[llvm] r295538 - Increases full-unroll threshold.
Bill Seurer via llvm-commits
llvm-commits at lists.llvm.org
Mon Feb 20 13:40:25 PST 2017
This change breaks one of the tests from the testsuite when run by lnt
on powerpcle. See
http://lab.llvm.org:8011/builders/clang-ppc64le-linux-lnt/builds/3129
Some info from a local run I did:
---------------------------------------------------------------
>>> =========
'/home/seurer/sandbox/test-2017-02-20_19-32-13/MultiSource/Applications/oggenc/oggenc'
Program
---------------------------------------------------------------
TEST-PASS: compile
/home/seurer/sandbox/test-2017-02-20_19-32-13/MultiSource/Applications/oggenc/oggenc
TEST-RESULT-compile-success: pass
TEST-RESULT-compile-hash: de7b7004f7c0796635bcfacf44886a6a
TEST-RESULT-compile-time: user 19.615300
TEST-RESULT-compile-real-time: real 19.785200
TEST-FAIL: exec
/home/seurer/sandbox/test-2017-02-20_19-32-13/MultiSource/Applications/oggenc/oggenc
TEST-RESULT-exec-time: user 0.1646
TEST-RESULT-exec-real-time: real 0.1680
On 02/17/2017 08:46 PM, Dehao Chen via llvm-commits wrote:
> Author: dehao
> Date: Fri Feb 17 21:46:51 2017
> New Revision: 295538
>
> URL: http://llvm.org/viewvc/llvm-project?rev=295538&view=rev
> Log:
> Increases full-unroll threshold.
>
> Summary:
> The default threshold for fully unroll is too conservative. This patch doubles the full-unroll threshold
>
> This change will affect the following speccpu2006 benchmarks (performance numbers were collected from Intel Sandybridge):
>
> Performance:
>
> 403 0.11%
> 433 0.51%
> 445 0.48%
> 447 3.50%
> 453 1.49%
> 464 0.75%
>
> Code size:
>
> 403 0.56%
> 433 0.96%
> 445 2.16%
> 447 2.96%
> 453 0.94%
> 464 8.02%
>
> The compiler time overhead is similar with code size.
>
> Reviewers: davidxl, mkuper, mzolotukhin, hfinkel, chandlerc
>
> Reviewed By: hfinkel, chandlerc
>
> Subscribers: mehdi_amini, zzheng, efriedma, haicheng, hfinkel, llvm-commits
>
> Differential Revision: https://reviews.llvm.org/D28368
>
> Modified:
> llvm/trunk/include/llvm/Transforms/Scalar.h
> llvm/trunk/include/llvm/Transforms/Scalar/LoopUnrollPass.h
> llvm/trunk/lib/Passes/PassBuilder.cpp
> llvm/trunk/lib/Transforms/IPO/PassManagerBuilder.cpp
> llvm/trunk/lib/Transforms/Scalar/LoopUnrollPass.cpp
> llvm/trunk/test/Transforms/LoopVectorize/X86/metadata-enable.ll
>
> Modified: llvm/trunk/include/llvm/Transforms/Scalar.h
> URL: http://llvm.org/viewvc/llvm-project/llvm/trunk/include/llvm/Transforms/Scalar.h?rev=295538&r1=295537&r2=295538&view=diff
> ==============================================================================
> --- llvm/trunk/include/llvm/Transforms/Scalar.h (original)

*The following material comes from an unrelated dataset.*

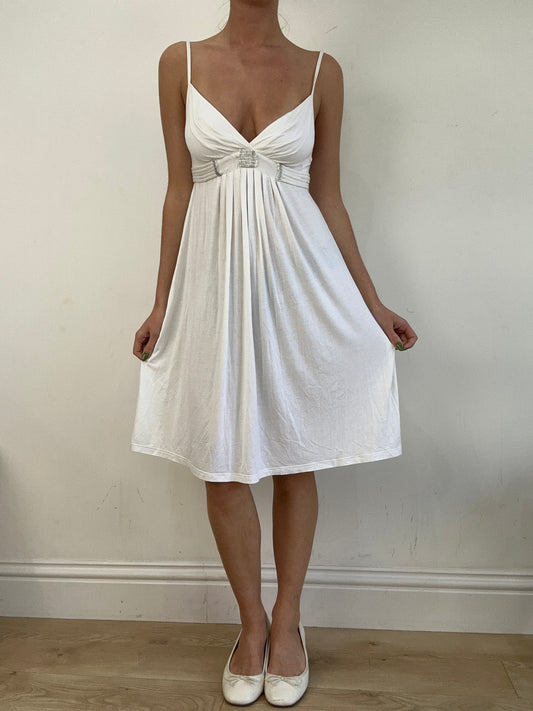 BEST PICKS | medium white flowy dress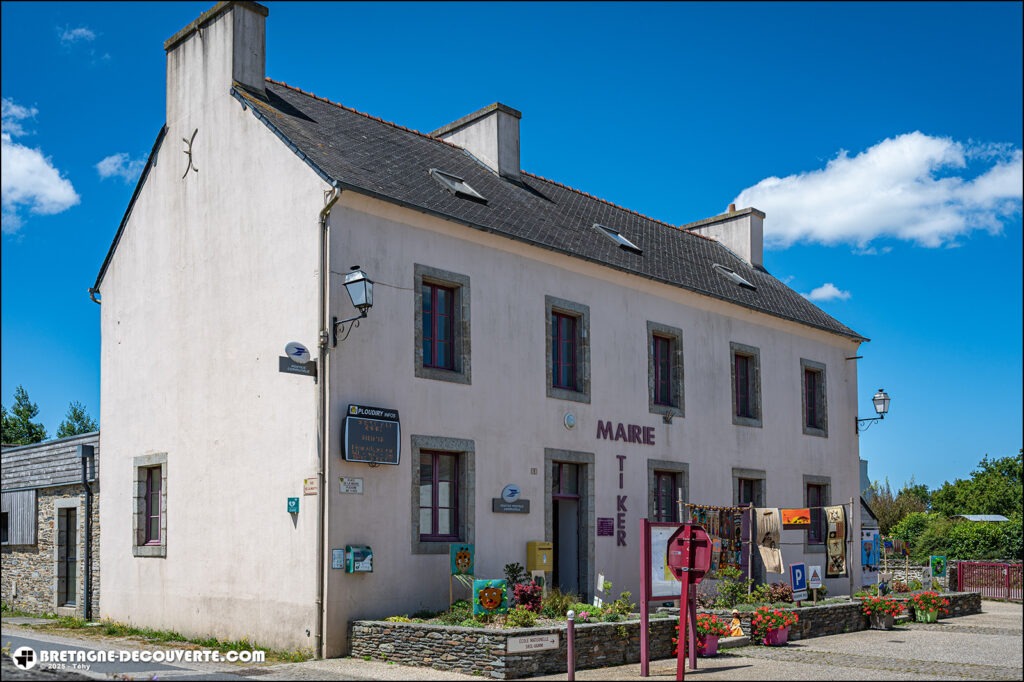 Mairie de la commune de Ploudiry dans le Finistère.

> +++ llvm/trunk/include/llvm/Transforms/Scalar.h Fri Feb 17 21:46:51 2017
> @@ -181,11 +181,11 @@ Pass *createLoopInstSimplifyPass();
> //
> // LoopUnroll - This pass is a simple loop unrolling pass.
> //
> -Pass *createLoopUnrollPass(int Threshold = -1, int Count = -1,
> +Pass *createLoopUnrollPass(int OptLevel = 2, int Threshold = -1, int Count = -1,
> int AllowPartial = -1, int Runtime = -1,
> int UpperBound = -1);
> // Create an unrolling pass for full unrolling that uses exact trip count only.
> -Pass *createSimpleLoopUnrollPass();
> +Pass *createSimpleLoopUnrollPass(int OptLevel);
>
> //===----------------------------------------------------------------------===//
> //
>
> Modified: llvm/trunk/include/llvm/Transforms/Scalar/LoopUnrollPass.h
> URL: http://llvm.org/viewvc/llvm-project/llvm/trunk/include/llvm/Transforms/Scalar/LoopUnrollPass.h?rev=295538&r1=295537&r2=295538&view=diff
> ==============================================================================
> --- llvm/trunk/include/llvm/Transforms/Scalar/LoopUnrollPass.h (original)
> +++ llvm/trunk/include/llvm/Transforms/Scalar/LoopUnrollPass.h Fri Feb 17 21:46:51 2017
> @@ -18,9 +18,10 @@ namespace llvm {
>
> class LoopUnrollPass : public PassInfoMixin<LoopUnrollPass> {
> const bool AllowPartialUnrolling;
> + const int OptLevel;
>
> - explicit LoopUnrollPass(bool AllowPartialUnrolling)
> - : AllowPartialUnrolling(AllowPartialUnrolling) {}
> + explicit LoopUnrollPass(bool AllowPartialUnrolling, int OptLevel)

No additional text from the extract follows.